Lou Reed albümü Transformer‘da geçtiğimiz sene kaybettiğimiz efsanevi rock fotoğrafçısı Mick Rock’un en bilindik fotoğraflarından biri yer almaktadır. Bu portrenin zor unutulan tabiatı göz ardı edilemez. Mick Rock, aynı zamanda Queen‘in ikonik Queen II kapağını da fotoğraflamıştır.
Mitski’nin 2018 yılında çıkardığı Be the Cowboy albümü kadar, orijinal kapağının da anında klasikleşmesi beklenilebilir bir sonuçtu. Bao Ngo’nun fotoğrafladığı albüm kapağında 1950’leri andıran bir bone ve ağır bir makyajla yaratılan görüntü, Mitski’nin albümle de sağlam bir şekilde çizdiği portresini sağlamlaştırır. Bir kadının yüzmeye bu şekilde gitmesindeki absürtlüğe yapılan vurgu, her an her şeyin gidebilecek olmasına rağmen kontrolü elinde tutmaya çalışmasını göstermek ister. Görsele hiçbir rahatsızlık vermek istemezcesine yazılan albüm adı da fikri ilerletir.
Bir imaj nasıl yaratılırın dersi niteliğindeki Purple Rain (1984) kapağı, Laura LiPuma tarafından tasarlanmıştır. Prince’in dumanlar içinden çıkan motoru ve belalı duruşuyla çelişen çiçekli çerçeve, kapağın en etkileyici tarafıdır.

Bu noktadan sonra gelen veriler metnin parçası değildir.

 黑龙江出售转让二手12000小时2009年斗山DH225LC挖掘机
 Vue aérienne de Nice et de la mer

Remain In Light (1980) kadar dillere destan bir albümün kendisi kadar efsaneleşmiş kapağı MIT bilgisayarlarında yapılmayacaktı da nerede yapılacaktı zaten? Başka söyleyecek sözüm yok.

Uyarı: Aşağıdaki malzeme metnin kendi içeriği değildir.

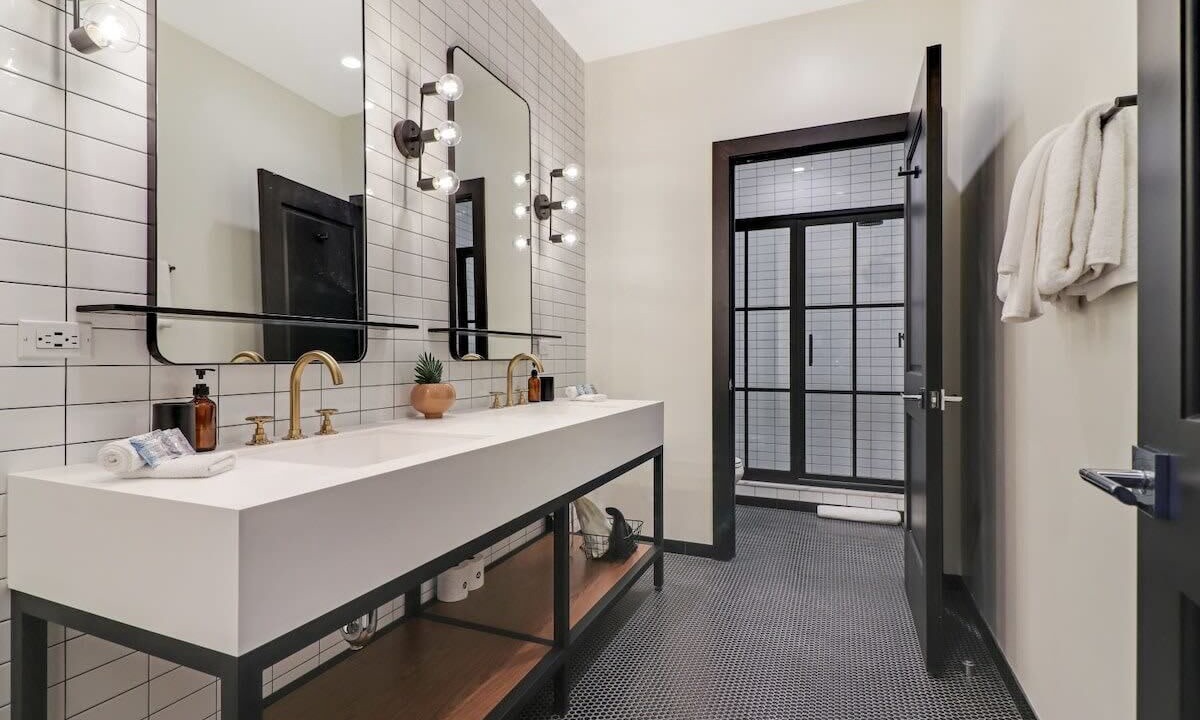 Photo of Bathroom in Arts/Warehouse District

Solange’ın pandemi öncesi dönemde çekmediğine inanması güç bu albüm kapağı, 2016 çıkışlı A Seat at the Table, sade bir otoportrenin gücünü ortaya koyar. Mona Lisa tarzı bir imge amaçladığını belirten Solange, fotoğraf için saçını hazırlarken tokalarla son halini almayı bekleyen saçlarının albümde işlenen dönüşüm ve bekleyiş süreçlerine daha çok uyduğunu fark ederek bu stili kapağa taşımıştır.

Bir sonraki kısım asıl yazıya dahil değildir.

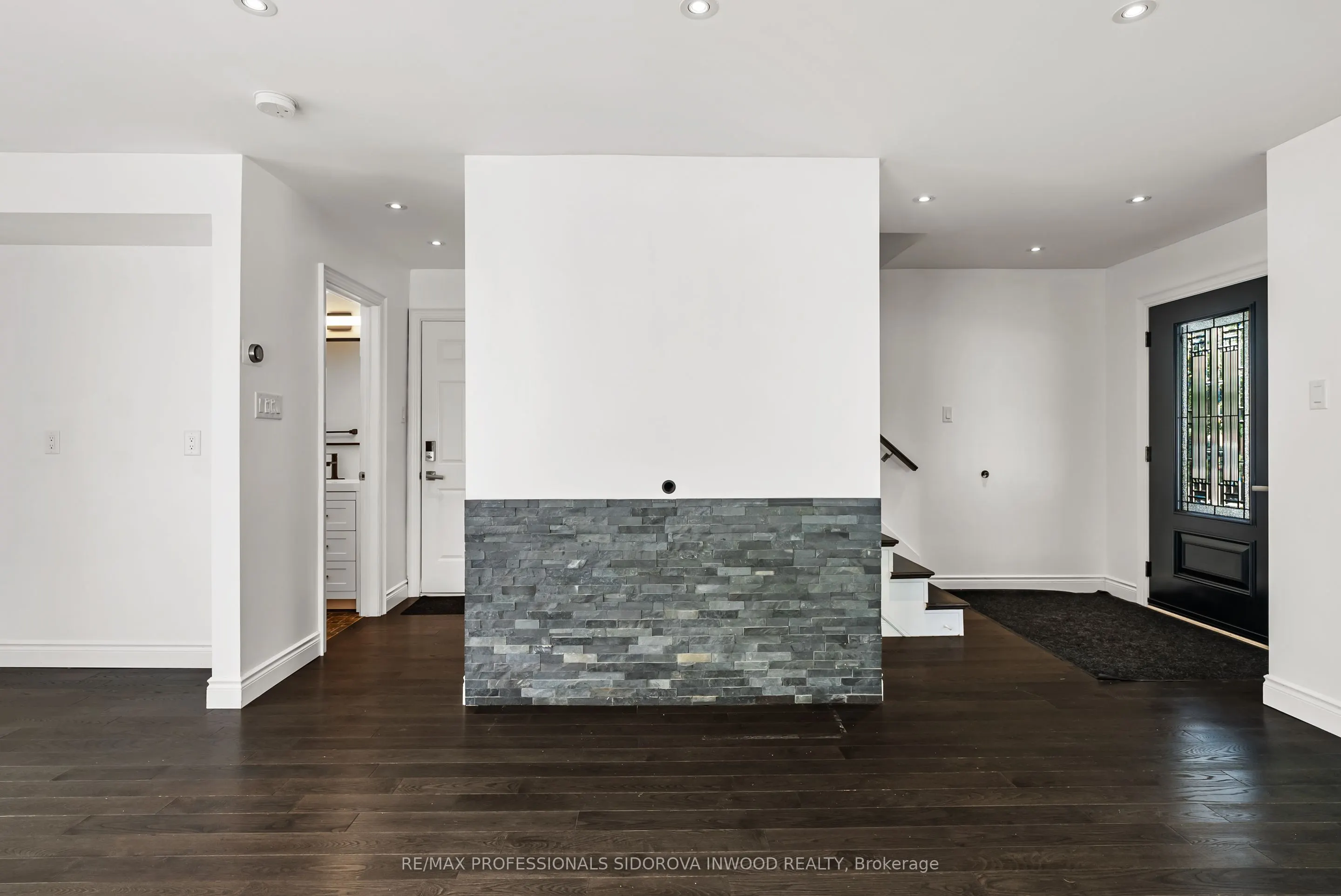 2218 Bluegrass Lane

LCD Soundsystem’ın This is Happening albümü; (2010) Ruvan Wijesooriya tarafından Robert Longo’nun fotoğraflarından ilham alınarak çekilmiştir. James Murphy’nin tepetaklak pozisyonuna aldırış etmeksizin dans eder görüntüsü albümle daha da keyifli hale gelir.